Jailbreaking Vision-Language Models Through the Visual Modality

arXiv cs.AI / 5/4/2026

📰 NewsSignals & Early TrendsIdeas & Deep AnalysisModels & Research

Key Points

  • The paper argues that the visual modality in vision-language models (VLMs) is an underexplored pathway for bypassing safety alignment.
  • It presents four visual jailbreak strategies, including encoding harmful instructions as visual symbols, using object substitution (e.g., “bomb”→“banana”) while prompting for harmful actions, altering harmful text inside images while preserving contextual meaning, and using visual analogy puzzles requiring inference of prohibited concepts.
  • Tests on six frontier VLMs show that these visual attacks can successfully bypass safety alignment, revealing a “cross-modality alignment gap” where text-only safety training does not generalize to harmful intent conveyed visually.
  • The authors report a notable example where a visual cipher achieves 40.9% attack success on Claude-Haiku-4.5 compared with 10.7% for an equivalent text cipher, and they provide preliminary interpretability and mitigation directions.
  • The work concludes that robust VLM alignment should treat vision as a first-class target during safety post-training, not just rely on text-based safety measures.

Abstract

The visual modality of vision-language models (VLMs) is an underexplored attack surface for bypassing safety alignment.
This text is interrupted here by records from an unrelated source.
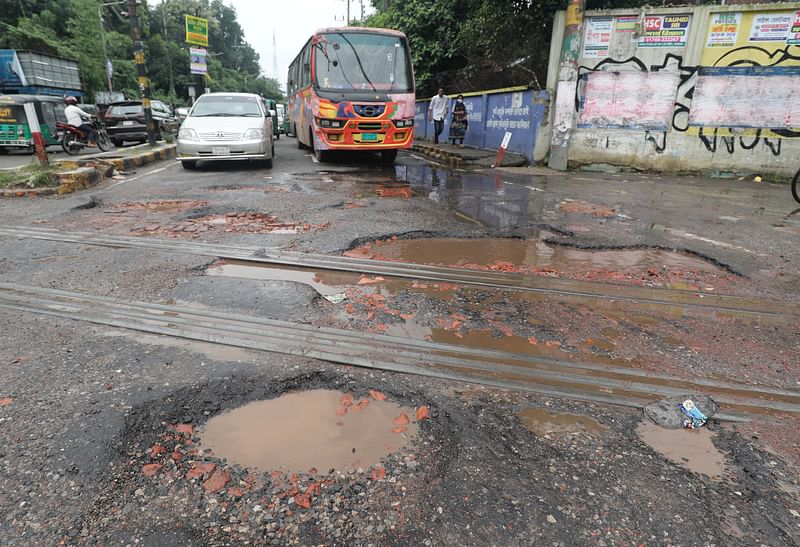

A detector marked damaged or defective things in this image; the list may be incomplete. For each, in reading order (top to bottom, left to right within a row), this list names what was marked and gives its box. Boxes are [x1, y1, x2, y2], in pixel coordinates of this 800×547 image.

damaged asphalt [0, 139, 796, 544]
water-filled pothole [199, 390, 418, 476]
water-filled pothole [636, 420, 728, 480]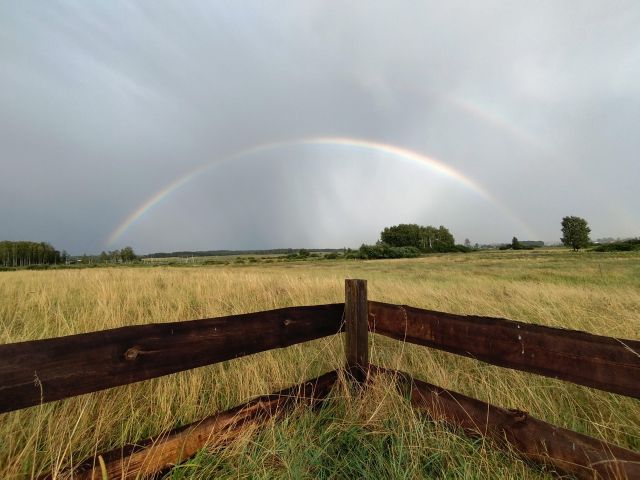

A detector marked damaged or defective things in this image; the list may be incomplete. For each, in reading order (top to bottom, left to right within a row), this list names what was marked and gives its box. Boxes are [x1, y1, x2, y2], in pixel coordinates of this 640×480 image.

broken wooden plank [0, 304, 344, 412]
broken wooden plank [368, 302, 640, 400]
broken wooden plank [46, 370, 340, 478]
broken wooden plank [368, 366, 640, 478]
We introduce four jailbreak attacks exploiting the vision component: (1) encoding harmful instructions as visual symbol sequences with a decoding legend, (2) replacing harmful objects with benign substitutes (e.g., bomb -> banana) then prompting for harmful actions using the substitute term, (3) replacing harmful text in images (e.g., on book covers) with benign words while visual context preserves the original meaning, and (4) visual analogy puzzles whose solution requires inferring a prohibited concept. Evaluating across six frontier VLMs, our visual attacks bypass safety alignment and expose a cross-modality alignment gap: text-based safety training does not automatically generalize to harmful intent conveyed visually. For example, our visual cipher achieves 40.9% attack success on Claude-Haiku-4.5 versus 10.7% for an equivalent textual cipher. To further our insight into the attack mechanism, we present preliminary interpretability and mitigation results. These findings highlight that robust VLM alignment requires treating vision as a first-class target for safety post-training.